The Day | Book calls Trump 'a terrified little boy'

I can’t wait to read Mary Trump’s tell-all. This Politico review lays out why it could be the most important of all of them:

For anybody who’s done the reading these last five years—from Wayne Barrett’s biography that was published in 1992 to Gwenda Blair’s multigenerational study from 2000 to psychology experts’ more recent efforts to explain this president—it’s a takeaway that’s not altogether unfamiliar. And the glut of books about Trump and his aberrant administration has contributed almost inevitably to a tendency to treat even the most hyped fresh releases as cash-grab ephemera to speed-read for damning tidbits and just as quickly forget amid the ruthless whirl of crises.

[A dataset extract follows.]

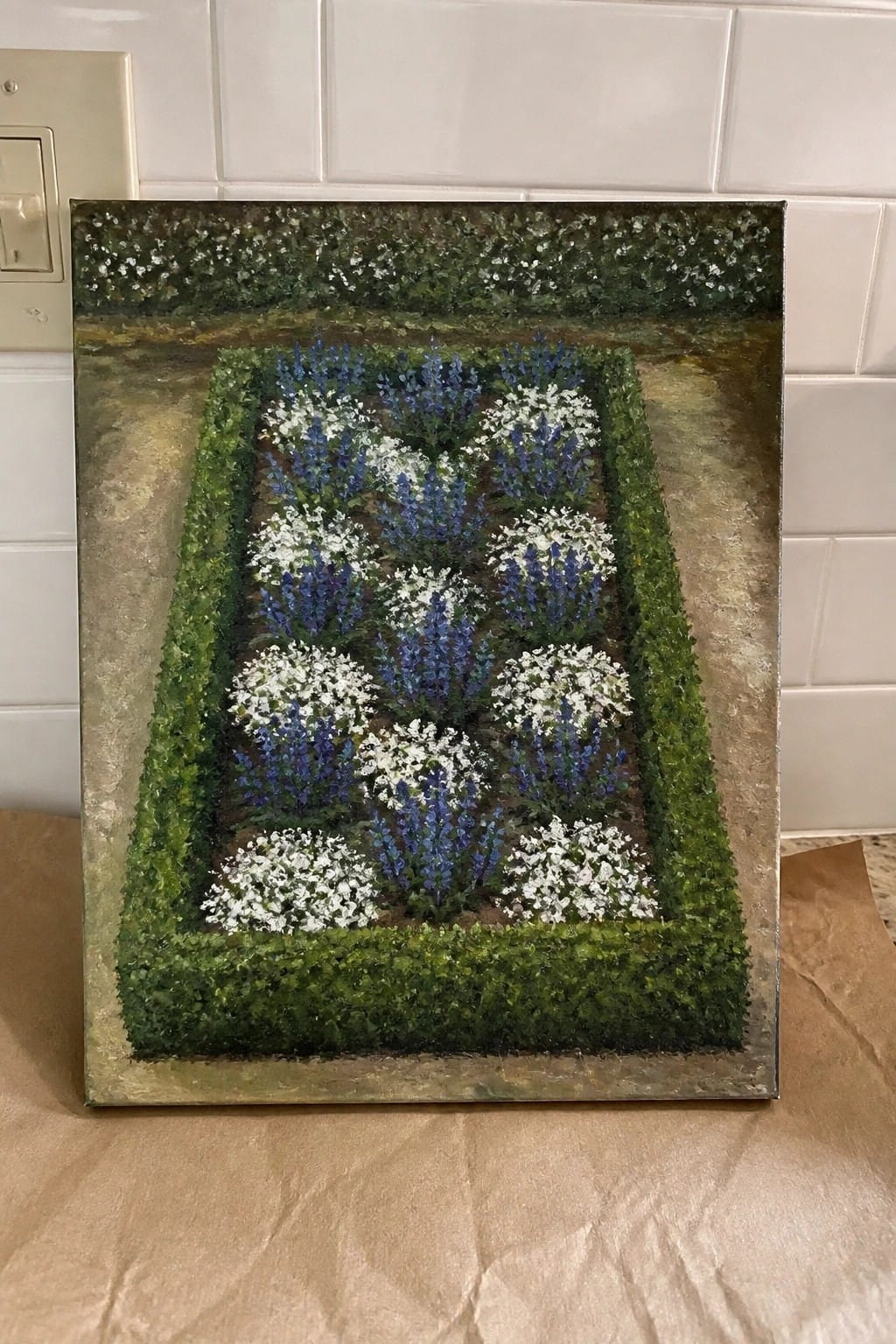Rectangular painting of blue and white flowers in hedge-bordered garden rows against tiled wall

But hold up here for a sec—for the most devastating, most valuable and all-around best Trump book since he started running for president. In the vast Trump literature, this one is something new.

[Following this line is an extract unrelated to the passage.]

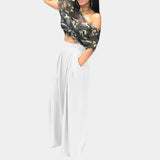 Burgundy women's high-waisted wide-leg palazzo pants in size XL, styled with a white top.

That’s because of the unprecedented access, and its pathos, which is because of the source—the president’s only niece, the 55-year-old daughter of his oldest brother, who died at 42 in 1981 in her estimation as a result of a pathological, decades-long destruction at the hands of his own twisted kin.

Mary Trump, to be sure, is a partisan (a registered Democrat who’s expressed public admiration for Hillary Clinton) with an ax to grind (she and her brother were all but excised from passed-down riches), and she writes, too, with palpable sadness and anger stemming from the long-ago loss of her father. The White House, meanwhile, predictably has dismissed her account as rife with “falsehoods” and “ridiculous, absurd allegations.” But she also holds a Ph.D. in psychological studies. And in these taut 211 pages, she puts us in new rooms, shows us new scenes with new details and lets us hear from members of the president’s nuclear family who have been conspicuously and obstinately mum. She is, after all, and by blood still, one of them—and “the only Trump,” as she puts it, “who is willing” to dish on what she calls “my malignantly dysfunctional family.”

He points out, rightly, that this book will probably have little effect on the election. There’s just too much else going on and poeple know what they think of Donald Trump at this point. But:

What this book does do is help us understand him, offering the most incisive rendering yet of why he is the way he is.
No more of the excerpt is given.